When prepping for the visit, consider the following.

Materials should be shared with prospects prior to the meeting. It is ideal to mail the prospect the materials, so they have a hard copy to look at with you during the visit. This is also an opportunity to send a gift, logo items, or other treats. If you are unable to mail materials, you can send a “PDF packet”’ via email and/or a link.

Send a follow-up email to the scheduled prospect to confirm the date and time and include the details to call into the meeting. For some people, this may be their first time participating in a video conference. Screenshots and step-by-step instructions are a helpful resource to provide. Create a backup call-in option in the event the video conference cannot be accessed.

Conducting the Virtual Solicitation

You can conduct a virtual visit the same way you would an in-person visit. Stick to key best practices:

Open with small talk before transitioning to the case.

Present the case. Be sure to focus on your mission, the story of your organization, and your current needs.

Introduce the request for support. You can do this by demonstrating the credibility of your fundraising ask and your enthusiasm for the support you’ve received thus far.

Make the ask by articulating a specific number. Feel free to share your screen and show them the gift table for illustrative purposes. Finally, pause to give them time to process the request.

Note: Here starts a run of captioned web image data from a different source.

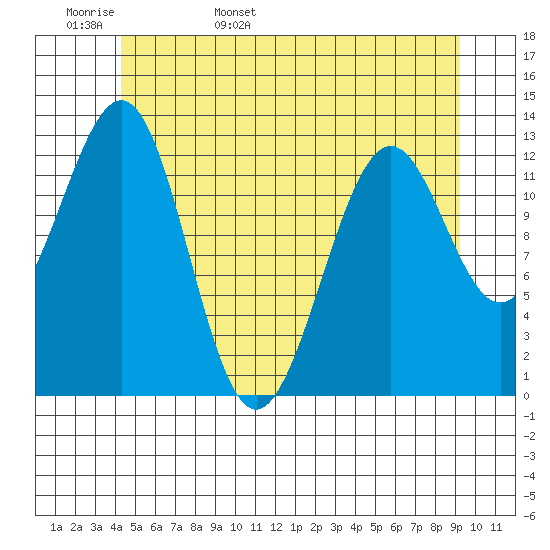 Lancaster Cove tide chart for Tuesday, May 28, 2024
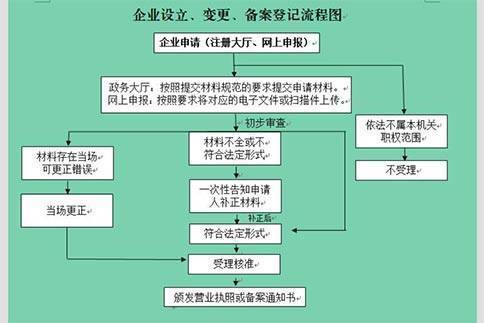 营业执照贷款步骤图(营业执照贷款流程及条件)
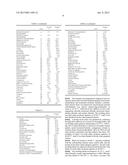 USE OF A REDUCED CALORIE INFANT FORMULA CONTAINING NUCLEOTIDES AND/OR     CAROTENOIDS FOR REDUCING ADVERSE HEALTH EFFECTS LATER IN LIFE diagram and image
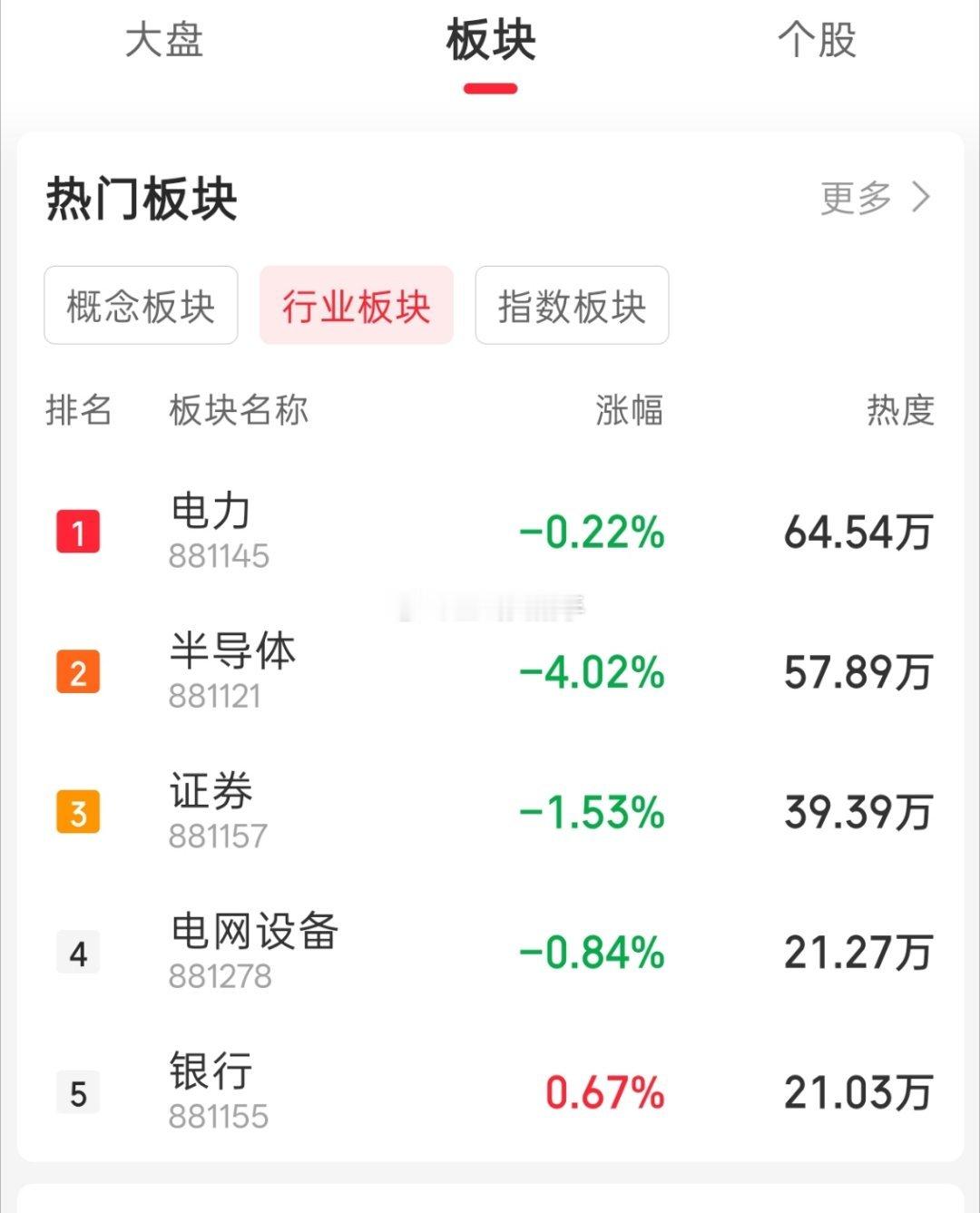 跌崩了！科技股全线重挫，通信设备、元器件、半导体等集体大跌，日韩股市同步暴跌，今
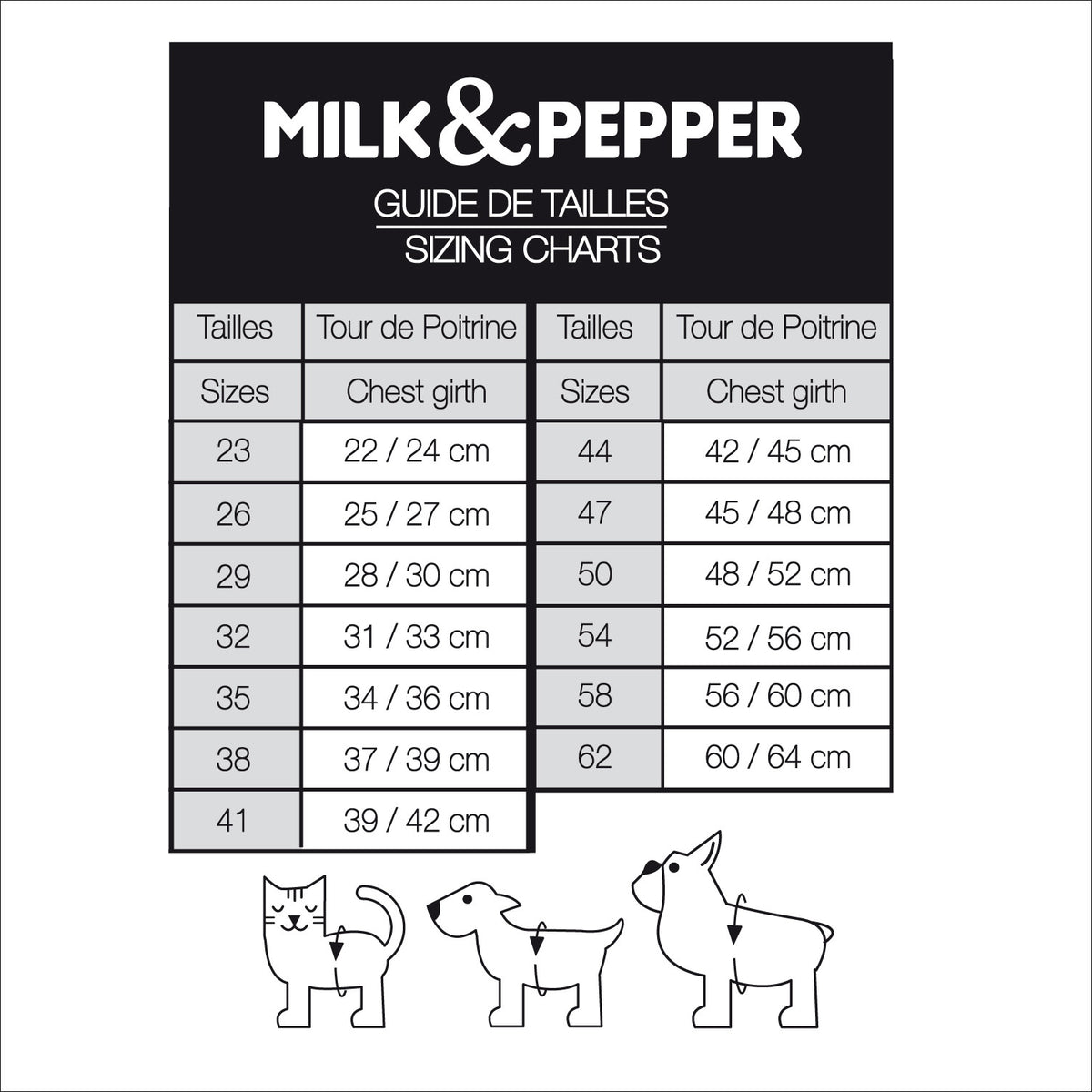 Postroj pre psa Milk&Pepper Nautic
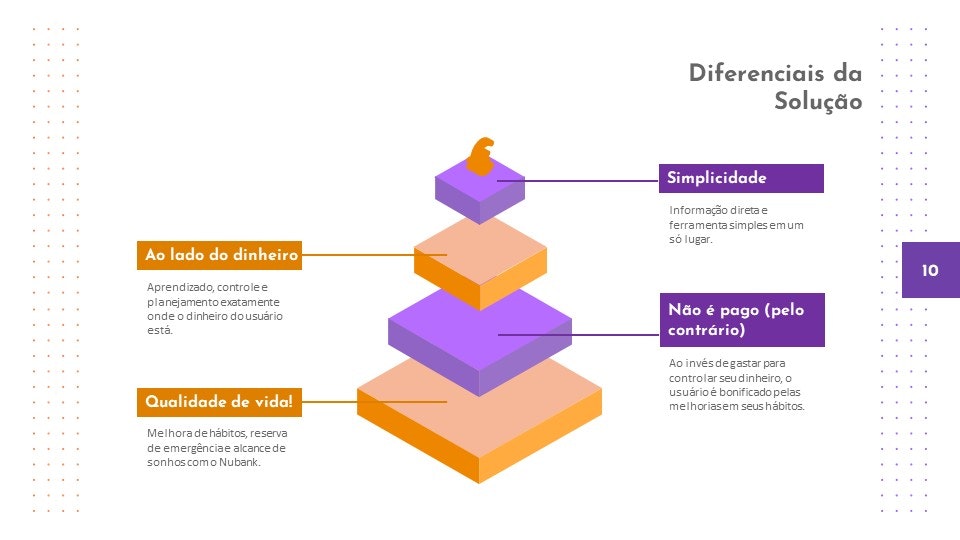 NuControle gallery image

Handle their response. Some potential reactions could include articulating understanding for their financial situation, expressing gratitude for their generosity, or explaining the methods of executing the donation.

Keep timing in mind. Build in time at the beginning of the meeting for technical issues and aim to keep the overall timeline for the visit to no more than an hour. Finally, schedule a time to follow up with the donor.

Success Stories

Social and human service nonprofits across the United States have developed innovative digital communications strategies, including cocktail hours for spread-out communities, video tours of new building construction, and one-on-one video meetings with individuals who have been hard to reach for years.

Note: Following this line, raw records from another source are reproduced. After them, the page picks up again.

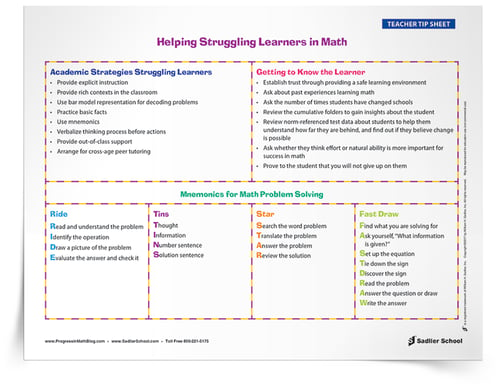 helping-struggling-math-learners-tip-sheet-750px.png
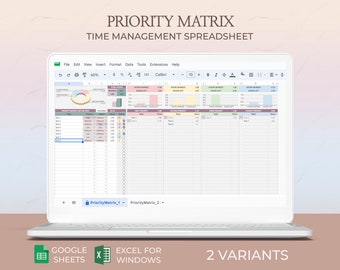 Priority matrix spreadsheet, Prioritization matrix, Action, Project priority; Eisenhower, Priority chart; Task prioritization, Google Sheets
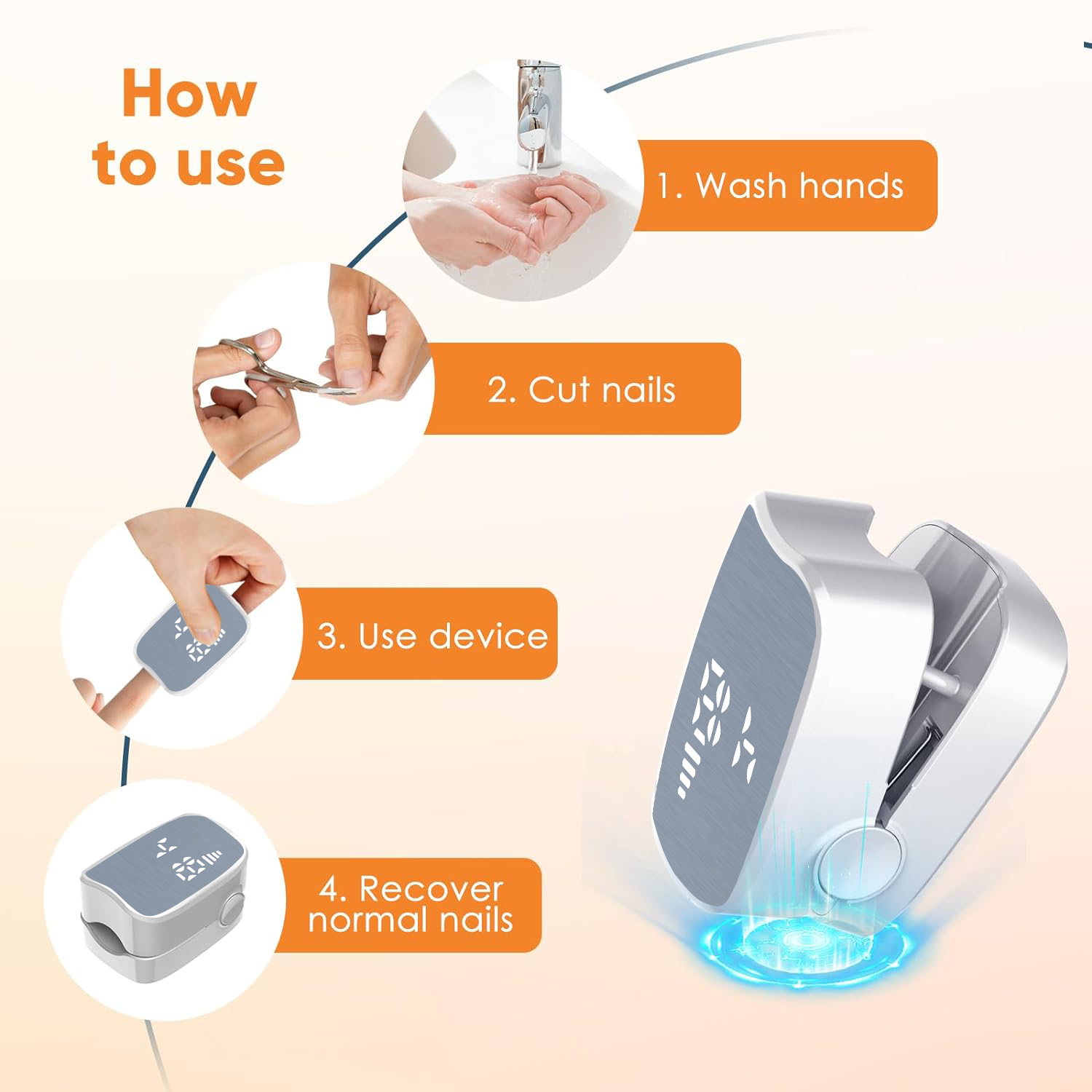 Repair Fast Nail Fungus Onycho - Industrial Laser Removal ulasan dan harga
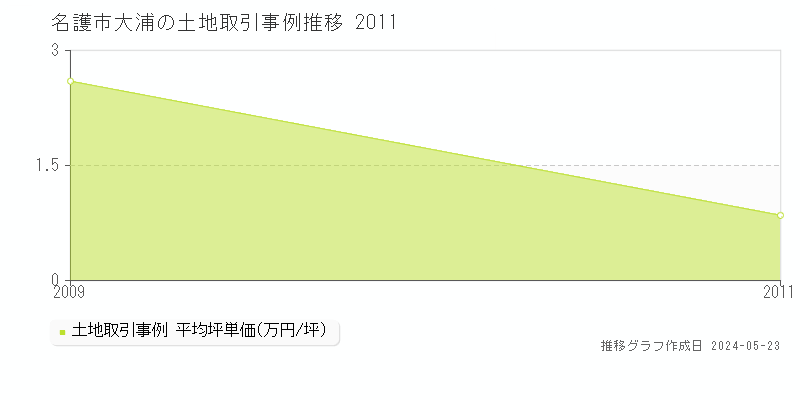 名護市大浦の土地価格推移グラフ 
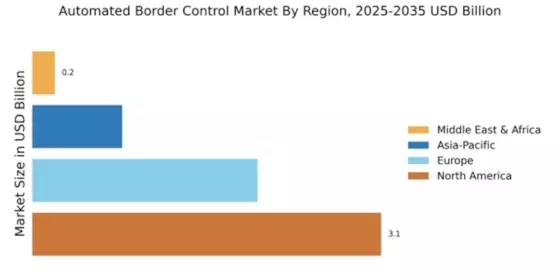 Automated Border Control Market Regional Image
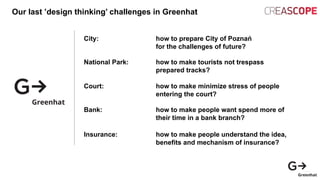 Our last ’design thinking’ challenges in Greenhat
City: how to prepare City of Poznań
for the challenges of future?
National Park: how to make tourists not trespass
prepared tracks?
Court: how to make minimize stress of people
entering the court?
Bank: how to make people want spend more of
their time in a bank branch?
Insurance: how to make people understand the idea,
benefits and mechanism of insurance?
 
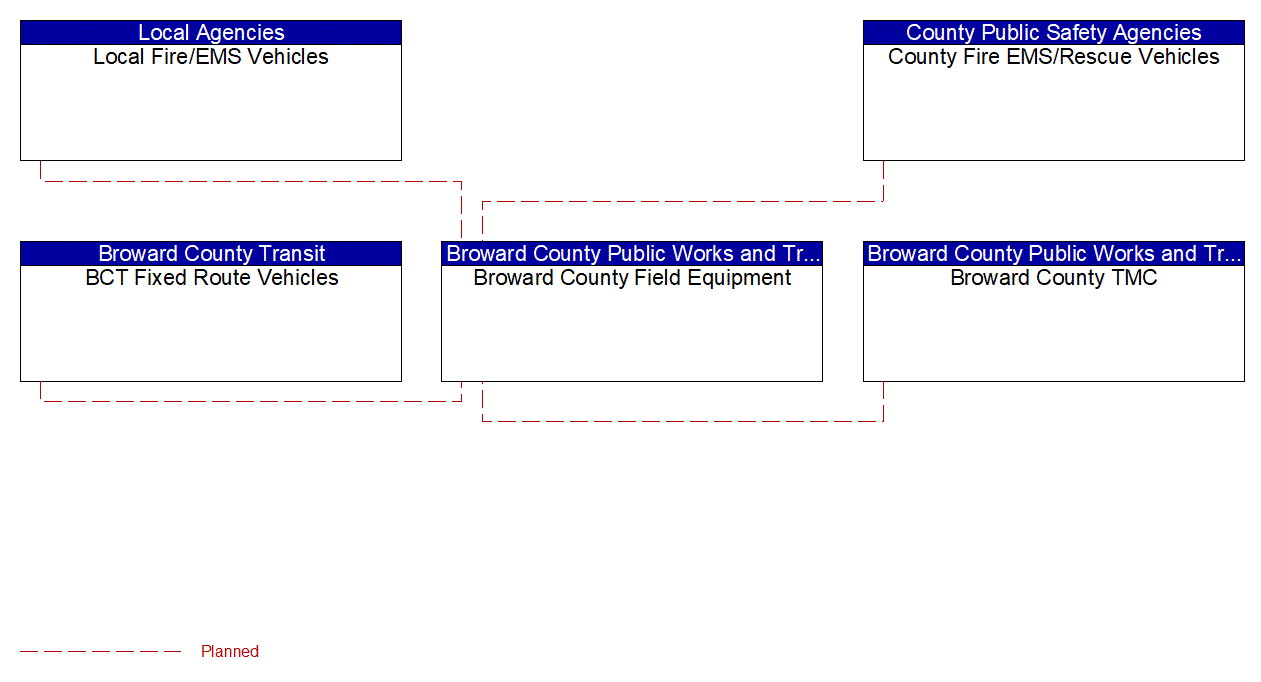 Project Interconnect Diagram: FDOT D4/I-595 Express LLC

In particular, one human services nonprofit in the Intermountain West offers marginalized women employment, career guidance, and life skills. Despite not having a background in major individual giving, this organization has had tremendous success through entirely virtual briefing and solicitations. They are on track to achieve their benchmark goals and are 38% toward their campaign goal in one year. The key to their success was keeping the mission and vision of the organization at the forefront of every conversation. The CEO and Development Director tailored conversations with donors to the donor’s interests – for those who appreciate data and results, they focused on current outcomes and the return on investment the campaign would have in making a difference in the lives of women. For donors who are compelled by stories, the team highlights individual women served and shares the impact the organization has on each individual to help them gain self-sufficiency.

Another social services organization on the West Coast approached virtual solicitations differently. This organization offers a range of therapeutic services on a beautiful campus, where they held a drive-through carnival barbeque complete with prizes, dinner, a take-home swag bag, and a band. Children were able to shoot hoops with a take-home basketball and have a family picture all from their cars. Invitees included big-ticket buyers and sponsors for the event. The event also acted as a cultivation touchpoint before a virtual major gift ask, and thus offered a great conversation starter during the solicitation.

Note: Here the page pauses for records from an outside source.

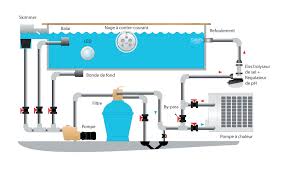 Le Traitement De L Eau De Votre Piscine Dufaud Piscine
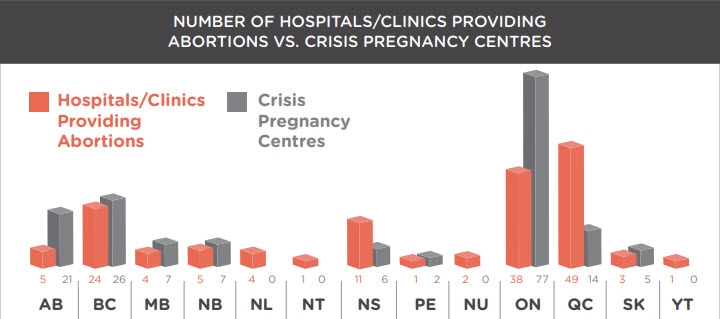 Number of hospitals/clinics vs crisis pregnancy centres
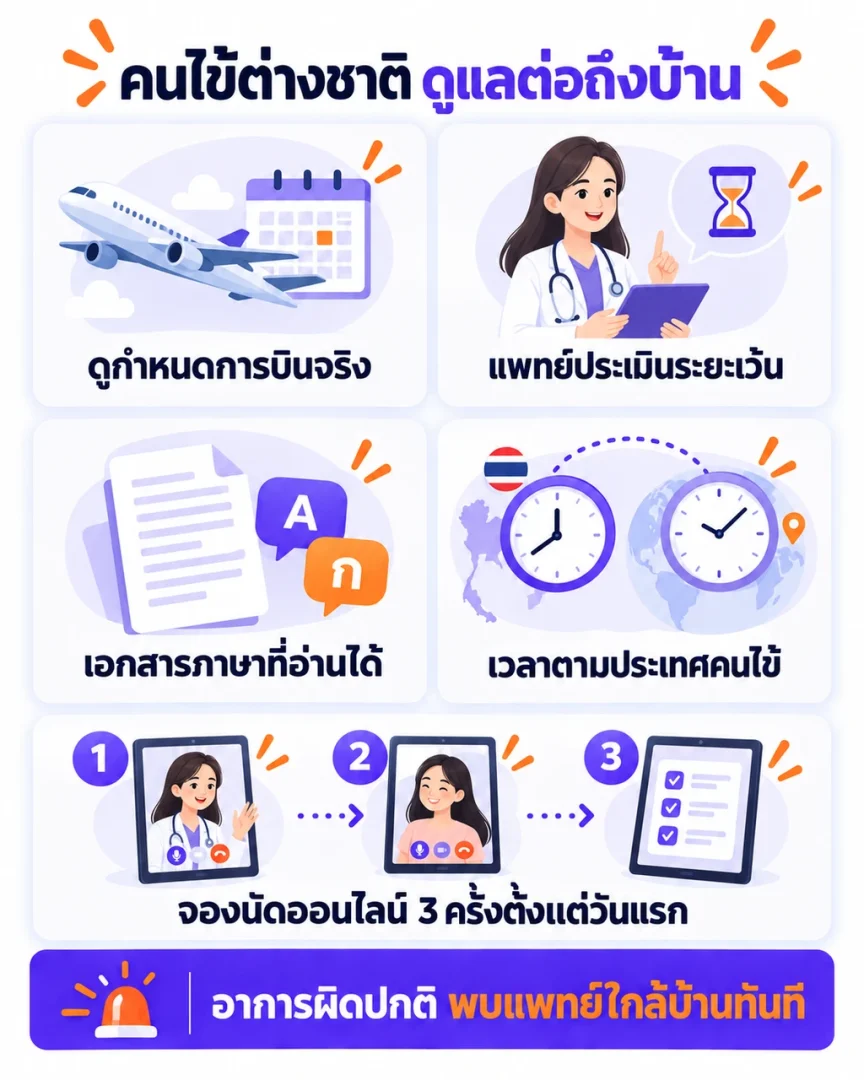 เช็กลิสต์คลินิกดูแลคนไข้ต่างชาติที่ทำหัตถการก่อนขึ้นเครื่อง ตั้งแต่ขอดูกำหนดการบิน แพทย์ประเมินระยะเว้น ให้เอกสารภาษาที่อ่านได้ จองนัดออนไลน์สามครั้งตามเวลาประเทศคนไข้ จนถึงบันทึกทุกนัดในเวชระเบียน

We hope that your organization finds similar success as you refresh your virtual meetings approach post-pandemic.

About the Author

Julia M. Siebel is a Vice President with CCS. She has more than two decades of experience in the nonprofit sector that has focused on empowering communities through effective action and capacity building. Her work spans the sectors including social & human services, education, membership organizations, and health care. She holds her Ph.D. in U.S. History and Women’s Studies from the University of Southern California.